# Lab 2 - Probability in Machine Learning

Welcome to the Probability in Machine Learning Lab! In this lab, we will explore how probability theory plays a crucial role in machine learning. We will start with a simple coin flip example to grasp the basics and then move on to build a Bayesian email classifier. Let's dive in!

## Setting Up the Environment

First, let's import the necessary libraries.


In [1]:
import pandas as pd
import numpy as np

## Part 1: Coin Flip Probability Example

### Objective:
To understand basic probability and Python coding through a coin flip example.

### Simulating Coin Flips
We will simulate flipping a coin 1000 times.


In [2]:
# Simulating 1000 coin flips, 0 for 'tails' and 1 for 'heads'
coin_flips = np.random.choice(['heads', 'tails'], size=1000)
df_coin = pd.DataFrame({'flip_result': coin_flips})

### Analyzing Flip Results
Now, let's count how many heads and tails we got.

In [3]:
flip_counts = df_coin['flip_result'].value_counts()
print(flip_counts)

flip_result
heads    519
tails    481
Name: count, dtype: int64


### Calculating Probabilities
Next, we will calculate the probability of getting heads or tails.

In [4]:
p_heads = flip_counts['heads'] / len(df_coin)
p_tails = flip_counts['tails'] / len(df_coin)
print(f"Probability of Heads: {p_heads}")
print(f"Probability of Tails: {p_tails}")

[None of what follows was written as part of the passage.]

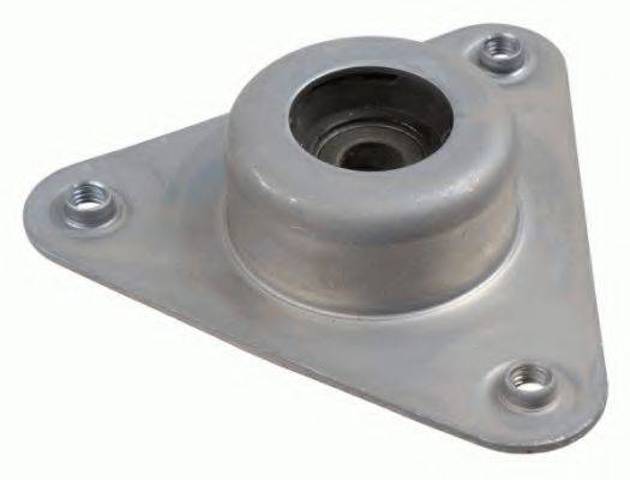 Кріплення переднього амортизатора 543024644R RENAULT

Probability of Heads: 0.519
Probability of Tails: 0.481


## Part 2: Bayesian Email Classifier

### Objective:
Now, you will build a Bayesian email classifier to differentiate between 'spam' and 'ham' (not spam) emails.

### Task 1: Exploring the Dataset
First, load and explore the dataset. You can either find and use a dataset or use the following code to simulate a sample dataset.

In [5]:
# The following code snippet creates a simulated email classification (spam and not spam) dataset with 1000 data points.

import pandas as pd
import numpy as np

# Sample size
n_samples = 1000

# Simulating data
np.random.seed(42)
data = {
    'email_length': np.random.normal(100, 20, n_samples).astype(int),
    'contains_free': np.random.choice([0, 1], size=n_samples, p=[0.7, 0.3]),
    'contains_winner': np.random.choice([0, 1], size=n_samples, p=[0.8, 0.2]),
    'time_of_day': np.random.choice(['morning', 'afternoon', 'evening', 'night'], n_samples),
    'label': np.random.choice(['spam', 'ham'], n_samples, p=[0.4, 0.6])
}

df = pd.DataFrame(data)

# Saving the dataset
df.to_csv('simulated_email_dataset.csv', index=False)


In [6]:
# Load the dataset (Replace 'path_to_dataset' with the actual file path). You can uncomment the codes below. Notice what `df_emails.head()` is representing.
df_emails = pd.read_csv('simulated_email_dataset.csv')
df_emails.head()

Unnamed: 0,email_length,contains_free,contains_winner,time_of_day,label
0,109,0,0,morning,ham
1,97,0,0,morning,spam
2,112,0,0,morning,spam
3,130,1,0,afternoon,ham
4,95,0,1,afternoon,spam


### Task 2: Data Preprocessing
You need to preprocess the data for analysis. This involves normalizing and encoding the features.

In [7]:
df_emails = pd.read_csv('simulated_email_dataset.csv')
df_emails.head()

Unnamed: 0,email_length,contains_free,contains_winner,time_of_day,label
0,109,0,0,morning,ham
1,97,0,0,morning,spam
2,112,0,0,morning,spam
3,130,1,0,afternoon,ham
4,95,0,1,afternoon,spam


### Task 3: Probability Calculation
Calculate the probability of spam and ham emails in the dataset.

In [9]:
# Your code for calculating the probability of spam and ham emails in the dataset goes here

total_counts=df_emails['label'].value_counts()
total_ham=total_counts['ham']
total_spam=total_counts['spam']

p_ham=total_ham/len(df_emails)
p_spam=total_spam/len(df_emails)

print(total_ham, total_spam)
print("Ham probability" , p_ham)
print("spam probability" , p_spam)



"""


"""


#probability of winner -> ham/spam
win_df=df[df_emails["contains_winner"]==1]
win_counts=win_df['label'].value_counts()
p_win_ham=win_counts['ham']/len(win_df)
p_win_spam=win_counts['spam']/len(win_df)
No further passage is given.